Net placements in debt instruments expanded by 13.9 percent to $3.14 billion from $2.76 billion.
Reinvested earnings reached $487 million, up 9.3 percent.
The Bangko Sentral raised its 2017 net FDI forecast to $8 billion in June, from $7 billion previously, citing improved domestic indicators and expected global uptick.
Senator Franklin Drilon last week expressed concerns over “a significant deceleration in the influx of new investments” or equity placements during a hearing on the National Economic and Development Authority’s (NEDA) 2018 budget.
This prompted the NEDA to issue a statement on Tuesday claiming that foreign investors remained confident in doing business in the Philippines, a view also echoed by Presidential Adviser on Entrepreneurship Jose Ma. Concepion 3rd.
The NEDA, citing data released by the BSP last month, said net FDI totaled $3.6 billion in June, down 14 percent from a year earlier. This was due to a 90.3 percent drop in net equity capital to $141 million in the first half from $1.448 billion in the same period last year.
“While the data on equity placements serve as a gauge of new FDI entry and overall investor confidence, the figure is not complete. The figure does not show the total inward investments made by foreign investors in the country,” NEDA officer-in-charge Rolando G. Tungpalan said.
The decline in net equity capital was also attributed to a high base.
Tungpalan said the business outlook for the rest of the year was rosy based on the central bank’s latest Business Expectations Survey.

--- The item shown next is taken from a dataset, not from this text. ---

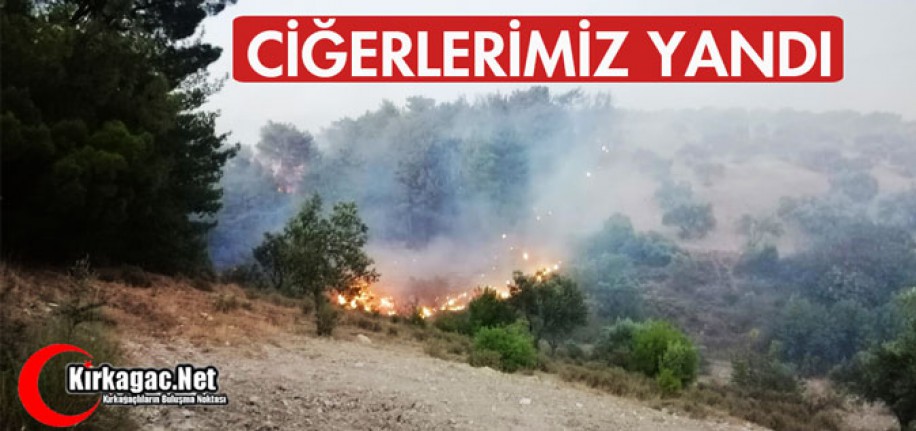 CİĞERLERİMİZ YANDI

The NEDA said it was also exhausting all measures to further improve the business climate in the Philippines, particularly by easing foreign restrictions via revisions to the foreign investment negative list (FINL).
A draft FINL is now up for review and adoption by the NEDA Board.
Economic managers are also pushing for the approval of the Tax Reform for Acceleration and Inclusion (TRAIN) bill, which is a crucial component of the government’s massive infrastructure program, “Build Build Build.”
Cabinet officials have also been drumming up investor interest via briefings overseas, with the next leg to be held in New York with Socioeconomic Planning Secretary Ernesto M. Pernia, Budget Secretary Benjamin Diokno and Finance Secretary Carlos Dominguez III in attendance.
Confidence ‘pretty high’
Concepcion, meanwhile, claimed the plunge in net equity capital could be a “blip”.
“If it is constantly going down for the last two or three years, then maybe you have a problem. But if it was just a blip just like this year, I would not be concerned,” he said.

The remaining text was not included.